Multimodal LLM-assisted Information Extraction from Historical Documents: The Case of Swedish Patent Cards (1945-1975) and ChatGPT
Multimodal LLM-assisted Information Extraction from Historical Documents: The Case of Swedish Patent Cards (1945-1975) and ChatGPT
Yunting Xie,Matti La Mela,Fredrik Tell
TLDR
This paper develops a pipeline to retrieve text and events from Swedish historical patent cards using the GPT-4o model to extend the Swedish historical patent database and concludes that the model generates usable yet imperfect data which speeds up data collection and reduces its cost.
Abstract
This paper presents an AI-assisted method for information extraction from historical documents using multimodal large language model (MLLM).
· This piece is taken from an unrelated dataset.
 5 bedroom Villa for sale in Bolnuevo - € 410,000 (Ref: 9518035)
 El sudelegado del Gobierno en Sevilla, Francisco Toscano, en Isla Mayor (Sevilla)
We develop a pipeline to retrieve text and events from Swedish historical patent cards using the GPT-4o model to extend the Swedish historical patent database. Our study demonstrates how generic MLLMs can help to save time and labor cost for creating applicable data in a low-source setting, which is a common challenge for digital humanities projects leveraging the latest AI technologies. We also explore the error flagging for automated text recognition that can integrate into traditional information extraction workflow: the MLLMs’ vision capacity helps to identify documents with potential errors that require human verification. We conclude that the model generates usable yet imperfect data which speeds up data collection and reduces its cost. The flags created simultaneously in information extraction enable to evaluate the model’s performance and to allocate human resources for actual error correction through manual transcription. With the rapid development of open MLLMs recently, a promising future step is to explore local solutions for fine-tuning and application of the models.